§ **Problem statement**
Return only the lines below starting at the line containing "Shoulder Pad for" and ending at the line containing "Medline - Locking", both included, exactly as they are and with no pictures.
-- Opening Marker --
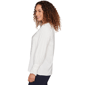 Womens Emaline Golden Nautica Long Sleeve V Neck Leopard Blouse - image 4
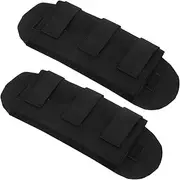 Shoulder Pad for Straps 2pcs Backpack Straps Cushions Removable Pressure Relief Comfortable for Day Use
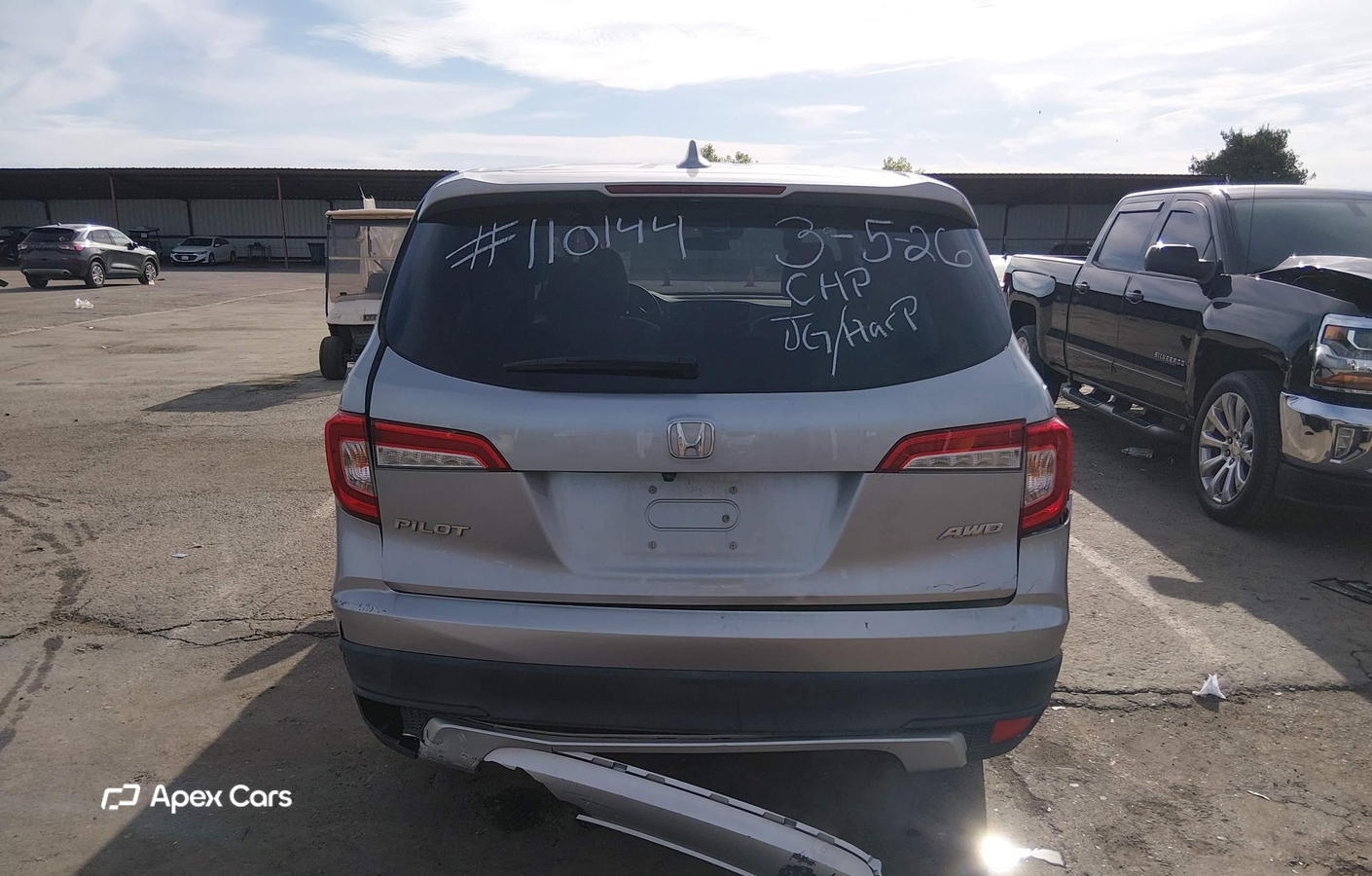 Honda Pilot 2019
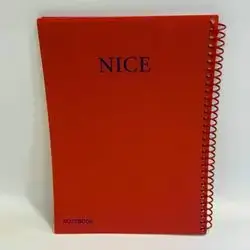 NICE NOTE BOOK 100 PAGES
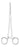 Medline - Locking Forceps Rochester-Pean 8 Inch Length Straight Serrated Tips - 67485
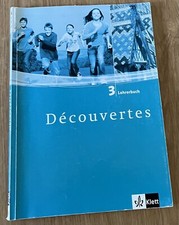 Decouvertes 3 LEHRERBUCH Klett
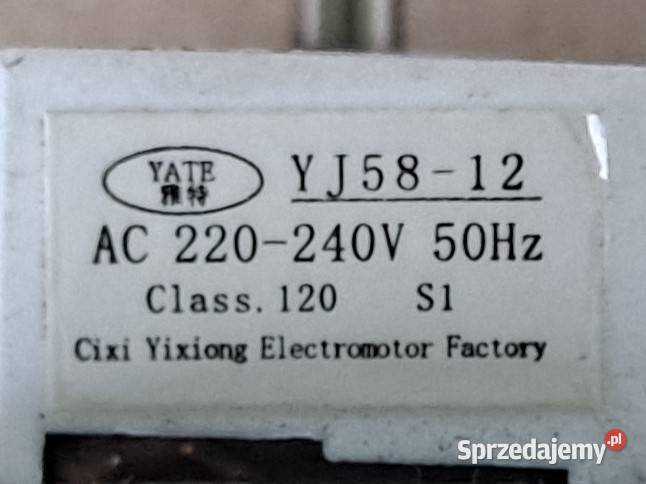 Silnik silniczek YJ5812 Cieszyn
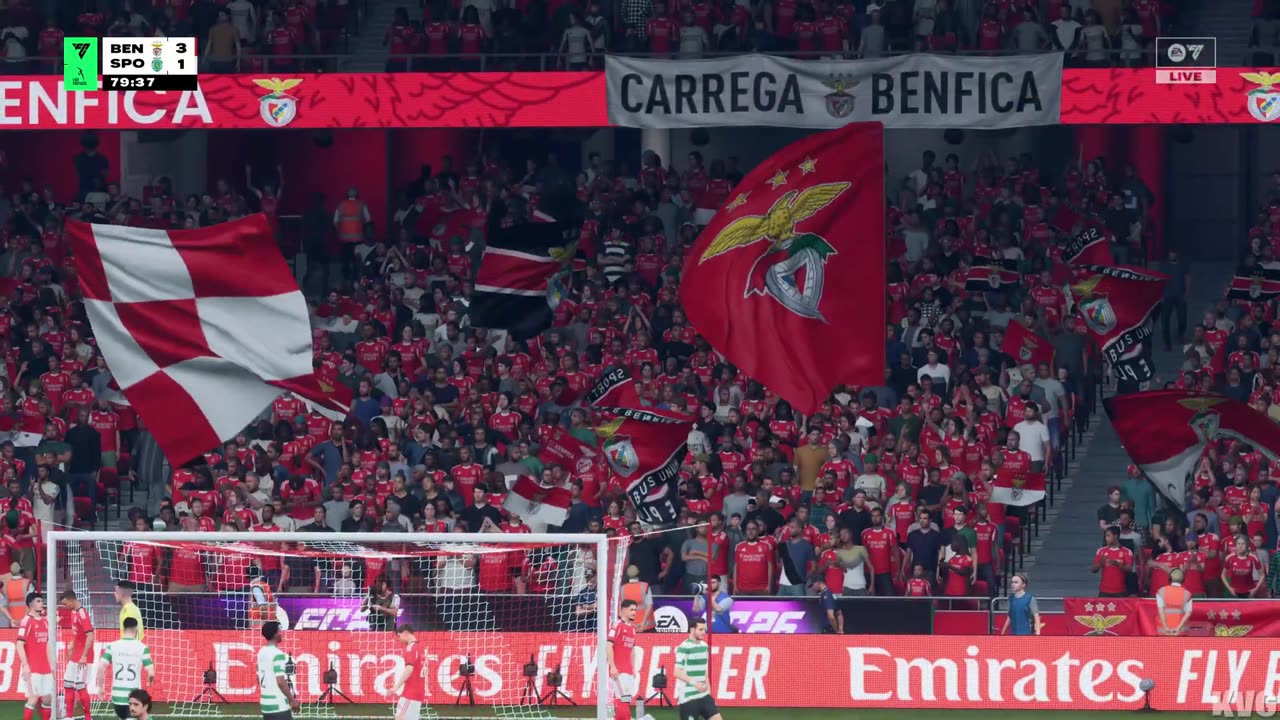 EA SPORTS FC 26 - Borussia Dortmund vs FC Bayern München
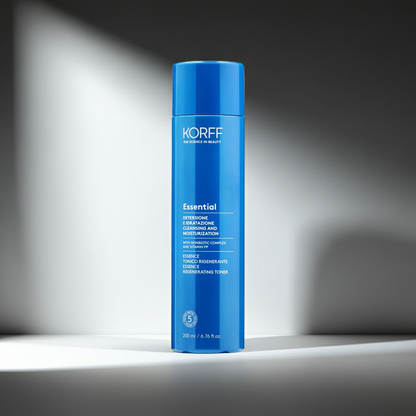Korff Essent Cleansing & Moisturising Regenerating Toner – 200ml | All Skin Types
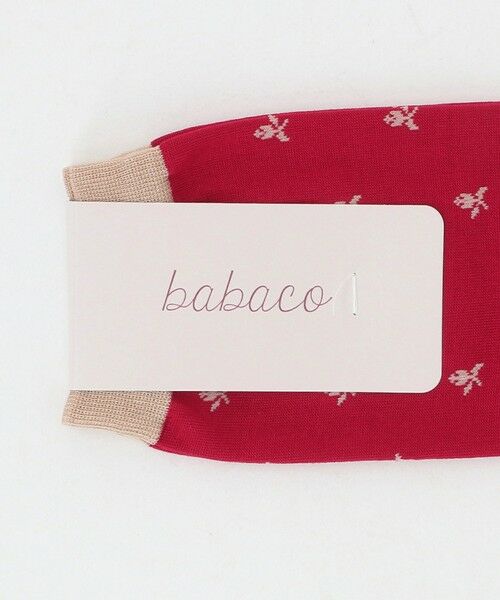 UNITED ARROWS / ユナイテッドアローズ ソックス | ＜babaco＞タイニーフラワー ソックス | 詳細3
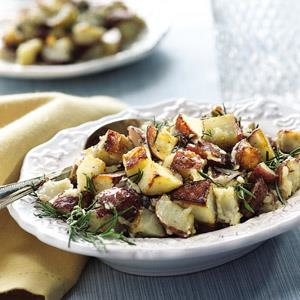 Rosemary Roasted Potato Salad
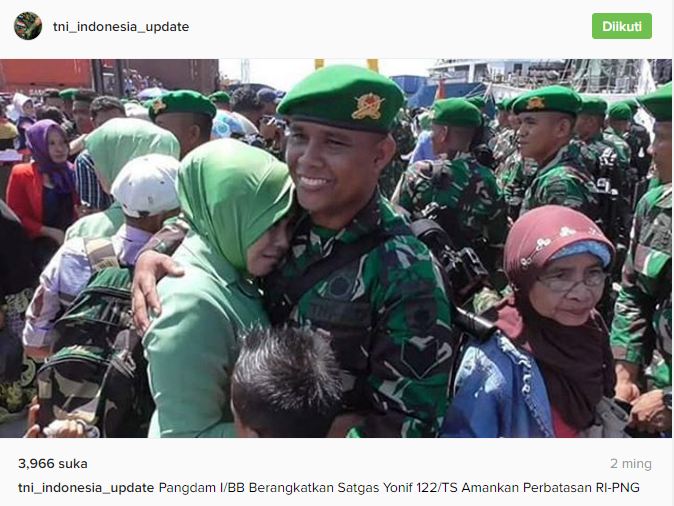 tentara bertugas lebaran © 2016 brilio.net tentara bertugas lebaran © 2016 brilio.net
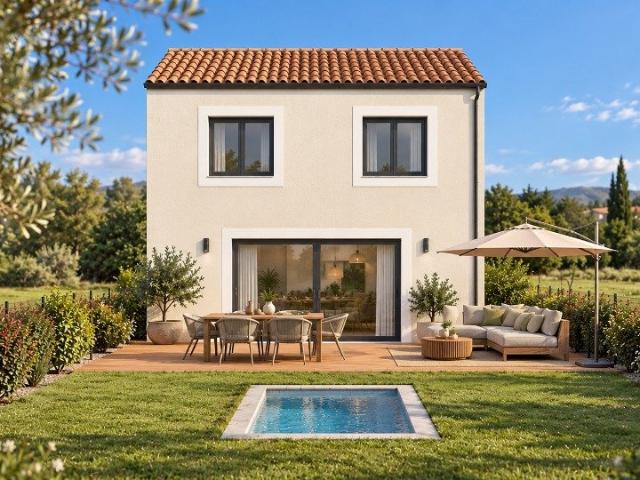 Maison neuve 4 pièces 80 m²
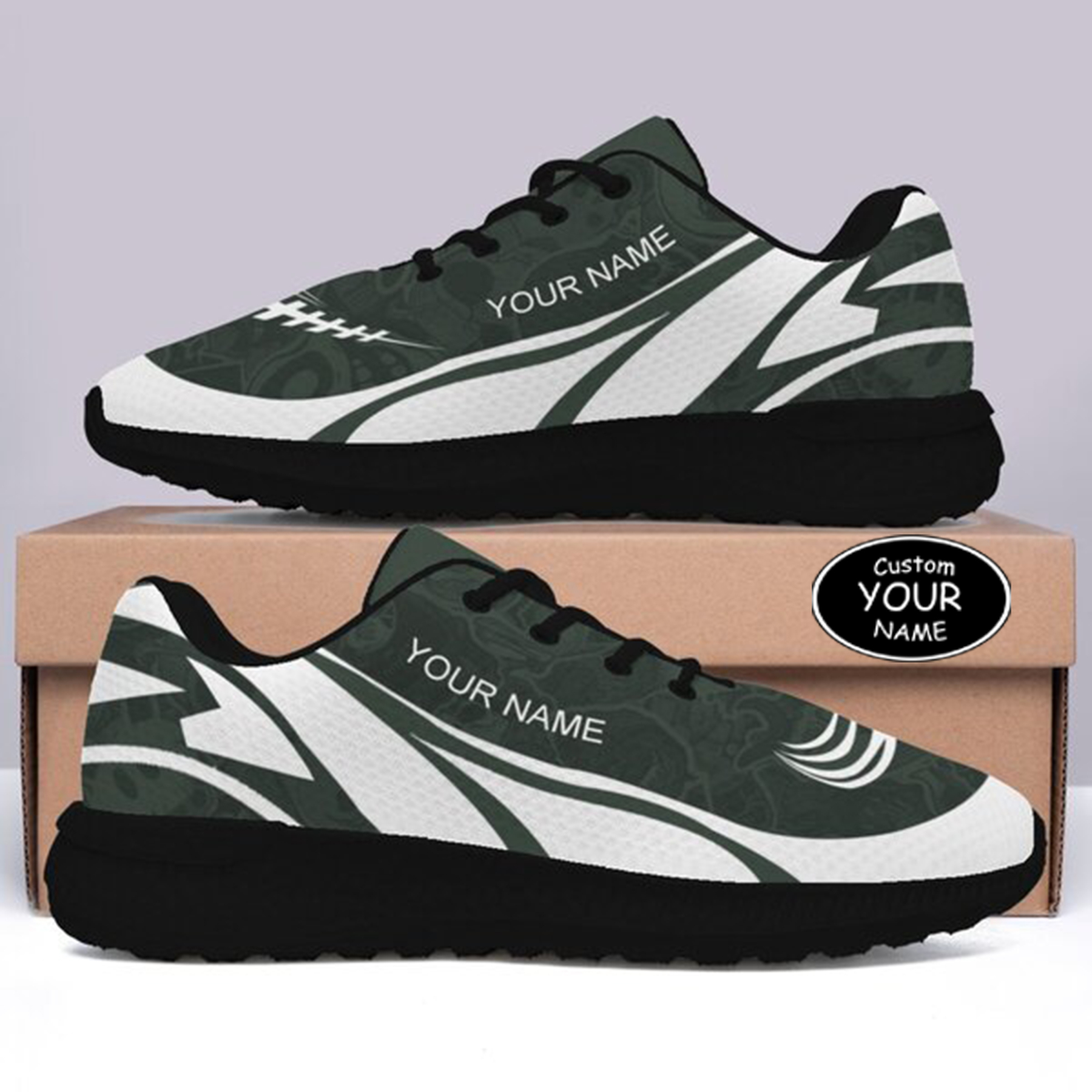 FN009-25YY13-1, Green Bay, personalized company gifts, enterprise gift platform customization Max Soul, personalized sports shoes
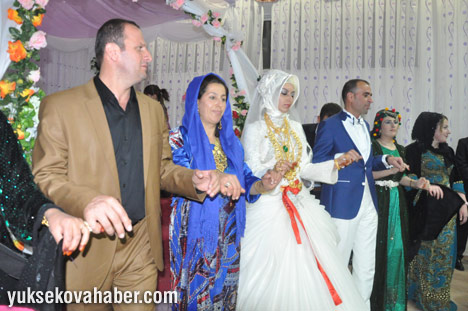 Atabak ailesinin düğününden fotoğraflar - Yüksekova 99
-- Closing Marker --
§ **Exercise result**
 Shoulder Pad for Straps 2pcs Backpack Straps Cushions Removable Pressure Relief Comfortable for Day Use
 Honda Pilot 2019
 NICE NOTE BOOK 100 PAGES
 Medline - Locking Forceps Rochester-Pean 8 Inch Length Straight Serrated Tips - 67485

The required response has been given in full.